Key words: Baiyangdian Lake      polycyclic aromatic hydrocarbons      organochlorine pesticides      pollution characteristics      source apportionment     

持久性有机污染物理化性质稳定,难以降解,能长期存在于水、土壤等各种环境介质中,并能随之长距离迁移,且具有很强的毒性,能够沿食物链逐步积累,对人类健康会造成严重的危害,现在已经成为一个备受关注的全球性环境问题. 多环芳烃(polycyclic aromatic hydrocarbons,PAHs)和有机氯农药(organochlorine pesticides,OCPs)是两类典型的持久性有机污染物. PAHs是由2个或多个芳香环连接形成、超过10 000种单个化合物组成的一类复杂混合物[1],在环境中广泛存在,主要通过石油类产品的泄漏及排放、干湿沉降、地表径流及污水排放等方式进入湖泊、河流等水体[2~4],水环境中的PAHs对水生生物可产生潜在危害,可以影响无脊椎动物、鱼类和两栖类等水生生物的生殖系统发育,并可能产生致癌、致畸和致突变现象[5~7],进而对人类健康构成极大威胁. 正是因为PAHs具有高毒性、致畸、致突变和致癌等特性,16种PAHs已被美国EPA和欧盟列为优先控制污染物[8]. OCPs具有难降解性、生物富集性、半挥发性和高毒性等特性,可通过各种途径在全球迁移[9],有研究表明一些OCPs还被认为是内分泌干扰物,能够造成人体和野生动物内分泌系统紊乱和影响生殖系统的正常功能[10, 11]. 自20世纪50年代起,OCPs曾在世界范围内被广泛使用,由于其具有持久性,至今仍广泛存在于各环境介质中,依旧能够在水体、土壤、空气、鱼类、甚至食品中检测到其存在[12, 13],虽然在20世纪80年代起六六六(hexachlorocyclohexanes,HCHs)、滴滴涕(dichlorodiphenyltrichloroethanes,DDTs)等OCPs已经被禁用,但是三氯杀螨醇、林丹等OCPs在最近十几年还在农业活动等特定范围内广泛应用[14, 15],直到2014年中国才永久性关闭最后一条三氯杀螨醇生产线,全面停止三氯杀螨醇的生产. OCPs可通过地表径流、工业废水排放、大气干湿沉降或远距离传输等途径进入河流、湖泊等水体中[16, 17],对水生生物和人类健康构成严重危害. 有关湖泊、河流水体、沉积物、悬浮颗粒物等环境介质中PAHs和OCPs污染一直受到国内外学者的极大关注并成为世界范围内的研究热点,且开展了广泛的研究[18~20].
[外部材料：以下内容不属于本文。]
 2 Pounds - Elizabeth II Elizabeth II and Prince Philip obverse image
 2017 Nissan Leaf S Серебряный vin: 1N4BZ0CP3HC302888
白洋淀是华北地区最大的淡水湖泊,由143个大小淀泊和3 700多条壕沟组成,总面积366 km2,其中水面占44%、陆地占56%. 有潴龙河、唐河、漕河、瀑河、府河、萍河、白沟河等河流入淀. 白洋淀素有“华北明珠”、“北国江南”之称,是华北地区最大的一块湿地,已被列入中国重要湿地名录. 白洋淀在拦洪蓄水、调节气候、改善生态环境等方面发挥了重要作用. 近年来,随着经济的快速发展和人口的不断增加,白洋淀水质状况逐渐恶化. 目前,白洋淀淀区及周边分布有39个村庄,约243 000人口居住,每天产生大量的生活污水; 另外,来自白洋淀上游保定市的大量生活污水和工业废水经府河直接入淀[21],对白洋淀水体造成极大污染.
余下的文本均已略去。